– Конечно, – ответила Сара, – он человек хороший и обязательно вернется. Скажите ему, что простили брата капитана. Дурные речи, которые он говорил о вас, рано или поздно вернутся к нему. Простите его! Простите его перед своей смертью!
Произнеся эти слова, Сара попыталась тихонько убрать Библию с глаз хозяйки. Но мистрис Тревертон заметила это движение, и угасающие силы вспыхнули в ней.
– Стой! – крикнула она, и в потухших глазах ее вновь вспыхнул отблеск прежней решимости. С усилием схватила она руку Сары и прижала ее к Библии. Другой рукой она водила по покрывалу, пока не нашла письмо, адресованное мужу. Пальцы ее судорожно сжали бумагу, и вздох облегчения слетел с губ.
– Ах, теперь я вспомнила, зачем мне нужна была Библия. Я умираю в полном сознании, Сара, и ты не сможешь обмануть меня. – Она помолчала, улыбнулась и прошептала: – Подожди! Подожди! Подожди! – и потом прибавила театральным тоном: – Нет! Обещанию твоему я не поверю – мне нужна твоя клятва. Встань на колени. Это мои последние слова на этом свете – ослушайся их, если осмелишься.
Сара опустилась на колени возле постели. Ветерок на улице, усилившийся с приближением рассвета, проник сквозь оконные занавески и принес в комнату больной радостный сладкий аромат. Вместе с ним долетел и отдаленный шум прибоя. Потом занавески тяжело опустились, колеблющееся пламя свечи снова стало ровным, и мертвая тишина комнаты стала еще глубже, чем прежде.

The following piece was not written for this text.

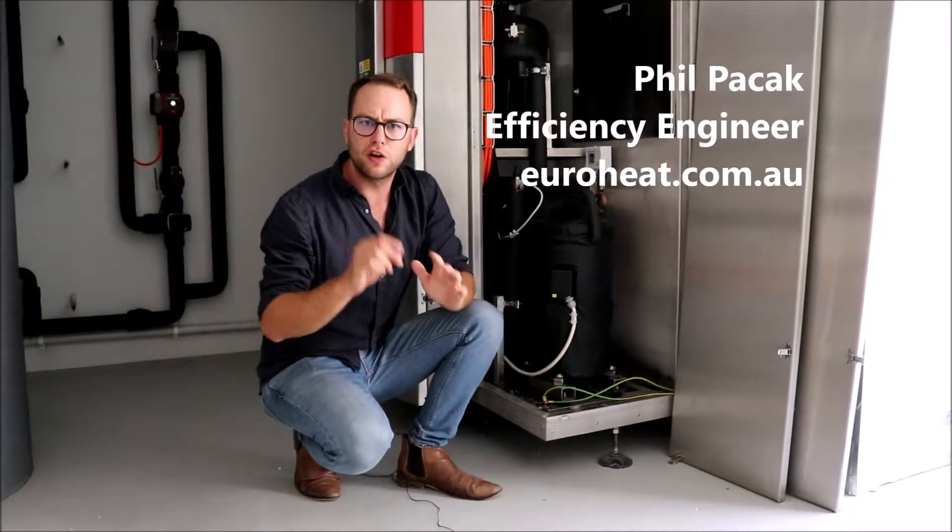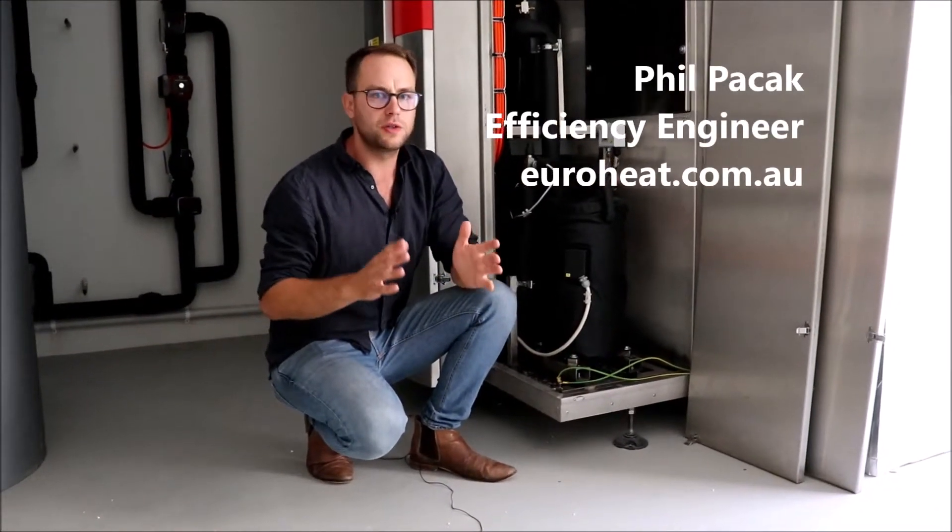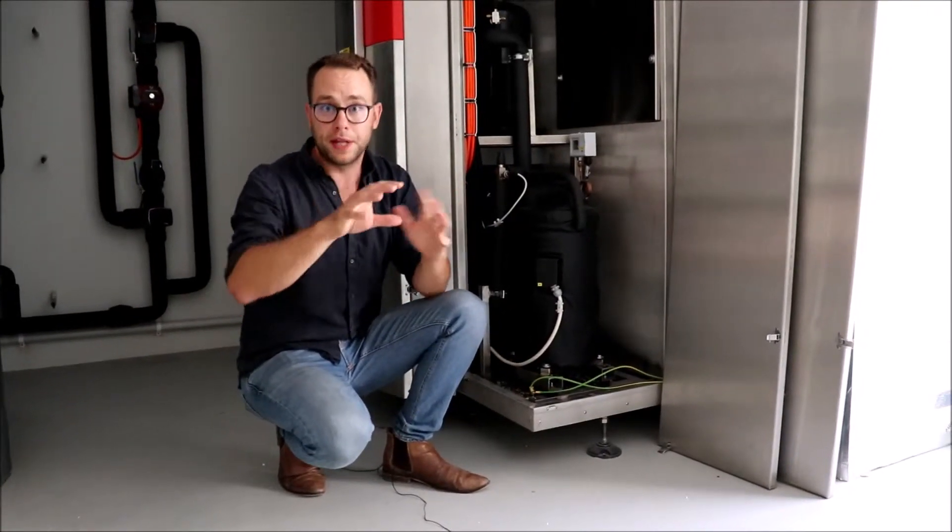Hey, it's Phil from EuroHeat, and a lot of people always ask: how do we pick a good heat pump? How do we know that heat pump A is good or better than heat pump B?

– Поклянись! – сказала мистрис Тревертон. Голос ей изменил и пропал. Но, сделав над собой усилие, она продолжала: – Клянись, что не уничтожишь это письмо после моей смерти.

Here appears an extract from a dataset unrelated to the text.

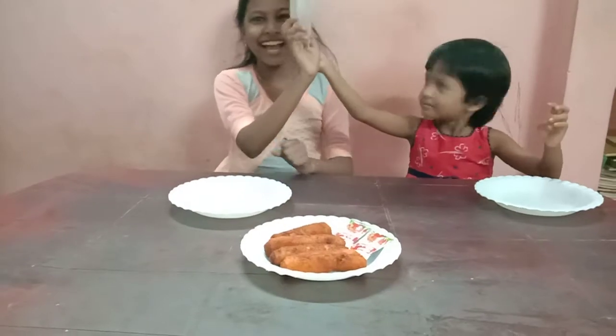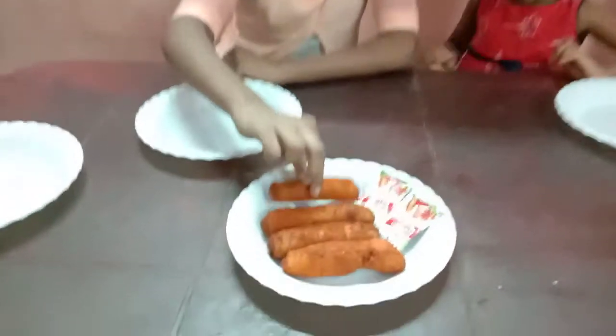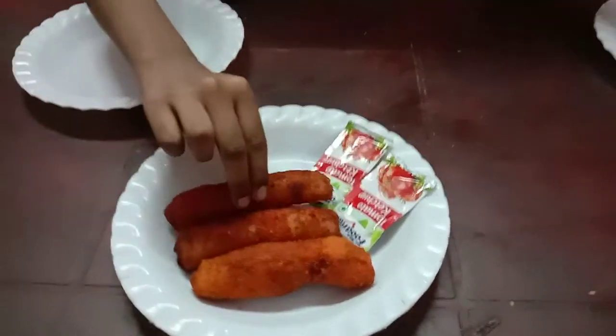Ta-da-da! One is for you, and one is for me.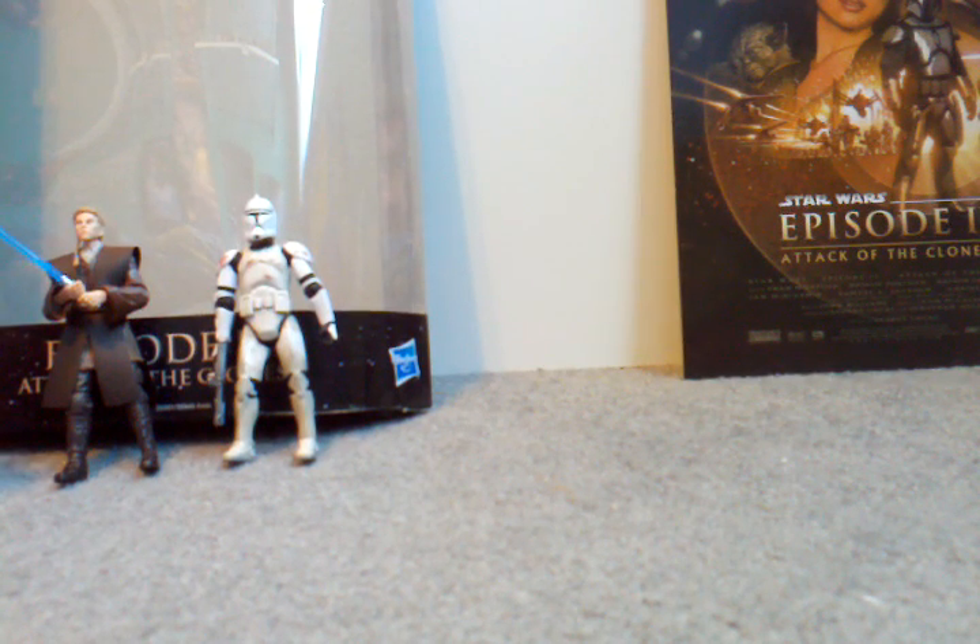Hello guys, 115rex back here again, doing part 2 of the Blu-ray release pack for Attack of the Clones.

Даже в этих словах, даже во время последней борьбы за жизнь проявлялись ее театральные манеры, прочно сохранившие место в ее сознании и такие пугающе неуместные. Сара почувствовала, как холодная рука, лежавшая на ее руке, на мгновение приподнялась в драматическом жесте, снова опустилась и судорожно сжала ее ладонь. Сара робко ответила:
– Клянусь!
– Клянись, что не заберешь это письмо с собой, если покинешь дом после моей смерти!
Сара снова сделала паузу, прежде чем ответить, и почувствовала то же судорожное пожатие, только слабее, и опять испуганно проговорила:
– Клянусь!
– Поклянись, – начала в третий раз мистрис Тревертон. Голос снова изменил ей, и на этот раз она тщетно силилась придать ему повелительный тон.

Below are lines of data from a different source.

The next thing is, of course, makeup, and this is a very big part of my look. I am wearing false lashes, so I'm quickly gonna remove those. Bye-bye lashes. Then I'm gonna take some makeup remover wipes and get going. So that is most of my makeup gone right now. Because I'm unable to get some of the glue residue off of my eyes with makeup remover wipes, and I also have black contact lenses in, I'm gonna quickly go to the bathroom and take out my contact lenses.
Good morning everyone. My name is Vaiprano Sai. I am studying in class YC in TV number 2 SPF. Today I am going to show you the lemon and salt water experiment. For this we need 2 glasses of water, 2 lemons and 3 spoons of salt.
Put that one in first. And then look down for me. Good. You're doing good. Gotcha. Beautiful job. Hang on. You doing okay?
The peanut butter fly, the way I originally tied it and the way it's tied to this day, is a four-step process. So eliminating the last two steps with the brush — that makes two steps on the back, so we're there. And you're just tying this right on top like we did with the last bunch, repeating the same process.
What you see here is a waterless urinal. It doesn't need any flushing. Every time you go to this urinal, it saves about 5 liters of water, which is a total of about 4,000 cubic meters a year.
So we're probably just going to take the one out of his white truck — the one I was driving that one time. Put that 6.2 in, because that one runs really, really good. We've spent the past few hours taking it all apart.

Сара подняла взгляд на хозяйку и заметила судороги на бледном лице, увидела, как скрючились пальцы белой, нежной руки, тянущейся к лекарству.
– Вы все выпили! – воскликнула она, вскочив на ноги, когда поняла значение этого жеста. – Госпожа, дорогая госпожа, вы все выпили, остался только опиум. Позвольте мне позвать…
Взгляд мистрис Тревертон остановил Сару прежде, чем она успела договорить. Губы умирающей быстро шевелились. Горничная приложила к ним ухо. Сначала она не услышала ничего, кроме быстрых задыхающихся вдохов, а затем несколько отрывистых слов, которые путались между собой:
– Я не успела… Ты должна поклясться… Ближе, ближе, ближе ко мне… Поклянись третий раз… Твой господин… Поклянись отдать…
Последние слова затихли. Уста, которые так старательно их произносили, вдруг приоткрылись и больше не сомкнулись. Сара бросилась к двери, открыла ее и позвала на помощь, затем вернулась к кровати, схватила лист бумаги, на котором она писала под диктовку хозяйки, и спрятала его в корсет. Последний взгляд мистрис Тревертон с укором и строгостью устремился на нее, и сохранил свое выражение неизменным, несмотря на исказившиеся черты лица. Но в следующее мгновение тень смерти согнала с этого лица последний свет жизни.